Federal judge rejects challenge to Georgia lethal injection protocol
Jeannie Shawl at 9:38 AM ET

[JURIST] US District Judge Beverly Martin on Wednesday rejected a challenge to Georgia's lethal injection protocol, ruling that the state's execution procedures were similar to Kentucky's method, determined by the Supreme Court to be constitutional [JURIST report]. Convicted murderer Jack Alderman had argued that the Georgia's lethal injection protocol is unconstitutional as it creates a substantial risk of pain, but Martin issued a ruling from the bench that Alderman's lawyers did not show that Georgia's methods allowed a higher risk of pain than that allowed last month in the Supreme Court's ruling in Baze v. Rees. Alderman's execution, originally scheduled to take place in October, was stayed [JURIST report] last year by the Georgia Supreme Court pending the outcome of the Supreme Court case. Another Georgia inmate, William Earl Lynd, is scheduled to be executed [JURIST report] on May 6. If the execution takes place as planned, it will be the first execution since the Supreme Court's ruling. The Atlanta Journal-Constitution has more.

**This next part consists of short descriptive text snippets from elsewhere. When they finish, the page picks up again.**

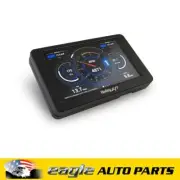 Holley EFI Digital Dash Gauges # HO553-106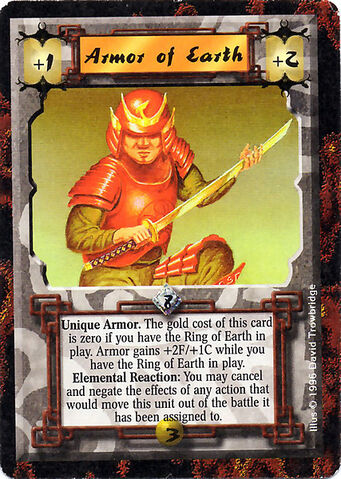 File:Armor of Earth-card.jpg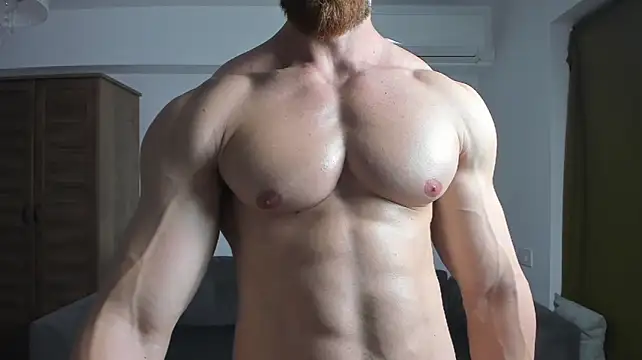 ZkkBltz Webcam show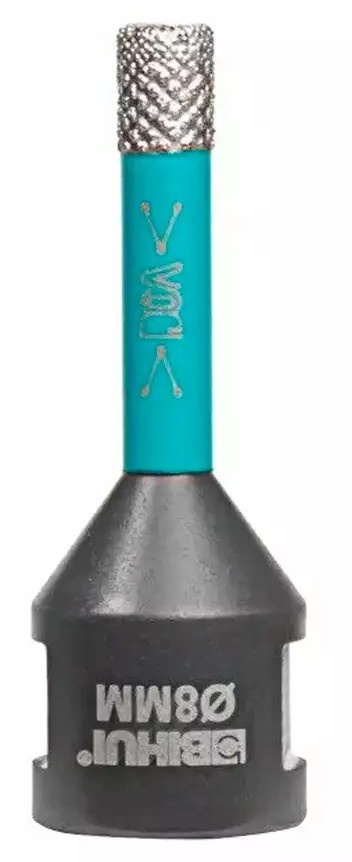 Carota Bihui DBDB08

In September 2007, the Supreme Court granted certiorari in Baze v. Rees [Duke Law case backgrounder], allowing it to consider whether the three-drug lethal injection cocktail [DPIC backgrounder] used in most states violates the Eighth Amendment's prohibition on cruel and unusual punishment. This led to an effective moratorium [JURIST report] on the death penalty in the United States as many federal courts, state courts, and state governors put executions on hold pending the high court's ruling. In addition to Georgia, several other US states have already announced that they will resume executions by lethal injection [JURIST report].